When a unit became terminally ill, they said, how on earth could
they be forced to continue to run it. Fair enough, is the
official reply; but, in fact, many of these units became
irremediably sick because at the first signs of trouble, or even
without them, promoters resorted to blood-letting; began to
quietly siphon off funds.
But then, what choice did they have but to climb over the walls
when they were not allowed to walk out of the gates. The Grasim
unit in Kerala, for instance, was doing fine, until the
government suddenly changed the rules, and began insisting that
the company stop discharging its effluents into the streams that
were the only source of water for people living in the vicinity.
Faced with additional costs, the unit claimed it was unable to
get on; but at the same time it was not allowed to get out.
This debate could go on and on. What sort of fight could domestic
industry hope to put up, saddled as it was with high interest
rates, power failures, congestion of roads and ports and so on.
Enough to drive anyone to tears. But then, suddenly comes a
thought. While the corporates support the exit of government
employees and departments, actively lobby for permission to exit
their own employees, and withdraw their capital, they seem to
develop some hesitation when, at last, the bell tolls for them.
Take for instance the case of foreign tie-ups. For very many
years it has been obvious, to consumers, to the foreign investors
and even to their domestic partners, that the latter have quite
outlived their utility. They have to be dumped, because they no
longer have anything to offer, and probably never will.
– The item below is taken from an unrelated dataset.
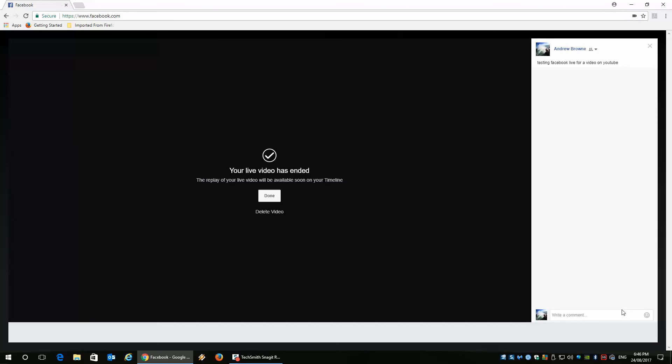And then, when you're done, you can click finish. And that's how you go live from Facebook Live in Google Chrome.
Foreign
investors too have to zig and zag to avoid all those pot holes on
the road. But they have no doubts about their ability to do so;
unlike domestic industry, whose only advantage lies in its
supposedly better knowledge of 'local conditions'.
But, come to think of it, it is not fair to cast aspersions on
their superior knowledge of 'local conditions'. It was this that
they used to scuttle, many years ago, the decision of foreign
investors to exit the tie-ups, and go into business on their own.
It was this that enabled them to insist that foreign investors
must first get the 'permission' of domestic corporates (fraught
though the move is with all the perils of the 'licence raj').
Finally, last month, it seemed that foreign investors had won the
battle. The government decided to scuttle the earlier
notification. But then, at the last moment, unseen hands came to
the rescue; and it was decided to scuttle instead the decision to
scuttle the earlier notification. The party could now go on.
But I doubt if it can continue for ever. Already China is able to
get in six months the direct foreign investment that we are able
to garner over a decade. And now, as import barriers/duties come
down, it will become ever more tempting for foreign investors to
increase imports into India, rather than their investments in it.
This will also enable them to escape some of the pot holes and
pitfalls that domestic industry is forever complaining of.